I'm going to repeat some of these concepts, but hopefully with a more expansive viewpoint.
1. could you pls elaborate a bit abt ECB..have heard a lot abt it these days and wht does bailing out means and why ECB would bail out ( m sry to me it's nt clear above who did US managers think they would be bailed out by ECB)
=> As mentioned, the ECB is the central bank for Europe. Why do countries need a central bank? Well, normally a central bank is looked at as the 'lender of the last resort'. This means, that when there is bad shit happening to the country, the central bank can step in and correct it. Here's a hypothetical look at how this happens:
Imagine you owe money to people and you realize that you're totally out of money by the middle of the month, and your salary won't even be enough to cover your debts. You turn to your dad for the money. Of course, your dad will be annoyed and probably eat your brains. But at the end of the day, he knows that if you don't pay your creditors, they're going to break your legs and teeth - and that paying for your dental work and orthopedic work is way more costly in the long run than paying off your debts right now. Plus, it looks terrible to have a son with a black eye. So your dad pays off the debt for you. But what if you had a LOT of debt. Like Billions of dollars? Well, if your dad was really the strongest? (Like the RBI or the Fed or the Saffola Oil dad), Well, then he could print you all the money you needed to go and pay off that debt. That's a lender of last resort - he can print money for you so that you can pay off your debts in the interim.
This also is a 'bailout'. It prevents you from being bankrupt. When countries go bankrupt and are unable to pay their debts, their punishment is usually that they can NEVER borrow in the international markets again. Like Argentina! And the domestic investors usually don't have the kind of ability to lend like international investors do - so defaulting on your international investor is a terrible terrible thing to do
2. The Fed, the RBI and the ECB - although 'Central Banks' - have differing objectives. The Reserve Bank of India is in control of bank reserve rates, foreign exchange trading and other monetary indicators. The RBI's goals are diverse and range from ensuring that inflation is controlled right up to controlling the the rupee / dollar exchange rate. The RBI's primary mandate is to ensure the growth of the country without hyperinflation. The RBI has the power to step in and prevent a bank from failing (if the bank was very important - like if SBI were to fail)
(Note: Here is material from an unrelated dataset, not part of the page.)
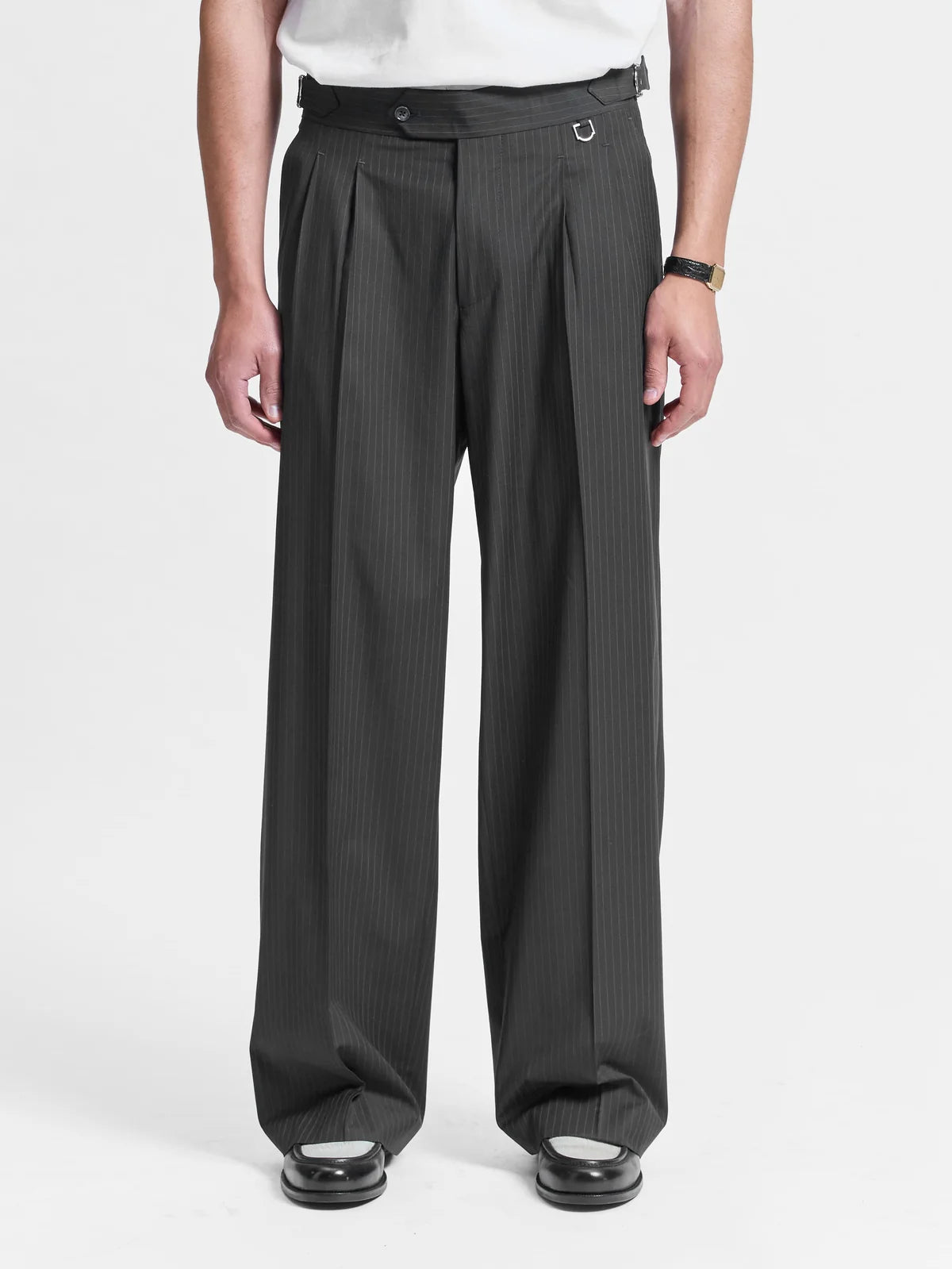 TAILORED BAGGY PANTS - PINSTRIPE GREY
The Federal Reserve is also tasked with similar objectives, except for the dollar rate. The Fed normally lets the dollar float completely as per what the demand and supply is.
However, the ECB is tasked with not letting inflation spiral out of control. It does not step in and print money to save the european banks. Why does it do this? Well to prevent what is known as 'moral hazard'. Since the eurozone is made of different countries, politicians in different european countries would allow their banks to lend to everyone for no reason - making their citizens very happy. But this is bad banking, and bad loans would pile up - causing the banks to fail. Then the politicians would ask the ECB to step in to save the banks. Moral Hazard.
So, the ECB just doesn't step in that way - preventing the politicians from having a 'daddy' they can go to if everything goes bad.